The State contends that the Circuit Court erroneously concluded that Dr. Starlings testimony was improperly admitted at trial. The State argues that none of the following FOFs on this issue are supported by the evidence in the record:

3. In forming her expert opinions and conclusions, Dr. Starling reviewed most, if not all, of the States case file. This includes the police reports, witness statements and Defendants multiple statements.

4. A significant portion of the material reviewed by Dr. Starling was inadmissible at trial and also prejudicial.

5. Although the Court allowed the State to call Dr. Starling as an expert witness, it would not allow the State to qualify her as an expert in the area of child abuse.

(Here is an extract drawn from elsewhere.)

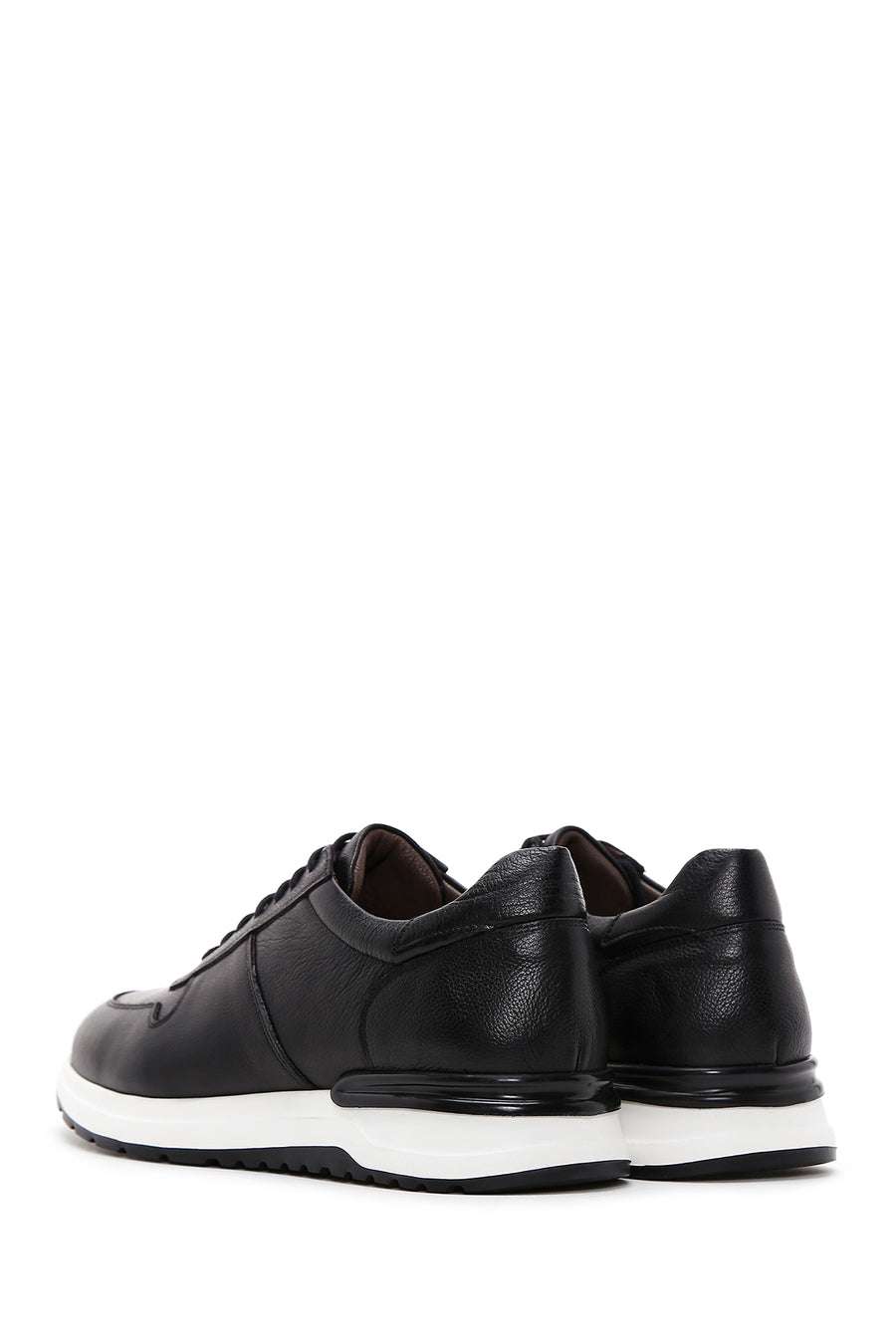 Men's Black Lace-Up Leather Casual Sneaker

6. Furthermore, the Court limited Dr. Starlings testimony only to matters of purely medical evidence -- meaning she could not testify as to her review of the police reports, witness statements and Defendants statements.

In addition, the State disputes the following COLs:

2. The court concludes that the mode of analysis employed by Dr. Starling was possibly tainted by her review of inadmissible and prejudicial non-medical evidence.

4. The court concludes that in its attempts to limit Dr. Starlings testimony to only those matters concerning purely medical evidence, it prevented the jury from being able to fully and properly evaluate the matters upon which Dr. Starling based her expert opinion.

6. The court concludes that Defendants Motion In Limine #1 to preclude the testimony of Dr. Starling should have been granted because her expert opinions were based in large part upon irrelevant, inadmissible and prejudicial evidence.

16. The court concludes that the combination of: (1) permitting Dr. Starling to testify as an expert witness; and (2) admitting evidence of the decedents prior injuries without properly founded expert testimony with respect to the Battered Child Syndrome; and (3) the cumulative effect of prejudicial conduct by the prosecution during the trial prevented Defendant from receiving a fair trial.

17. Based on the foregoing, and in the interests of justice, the court grants Defendants request for a new trial.

(Italics in original). The States contentions as to these FOFs and COLs are without merit.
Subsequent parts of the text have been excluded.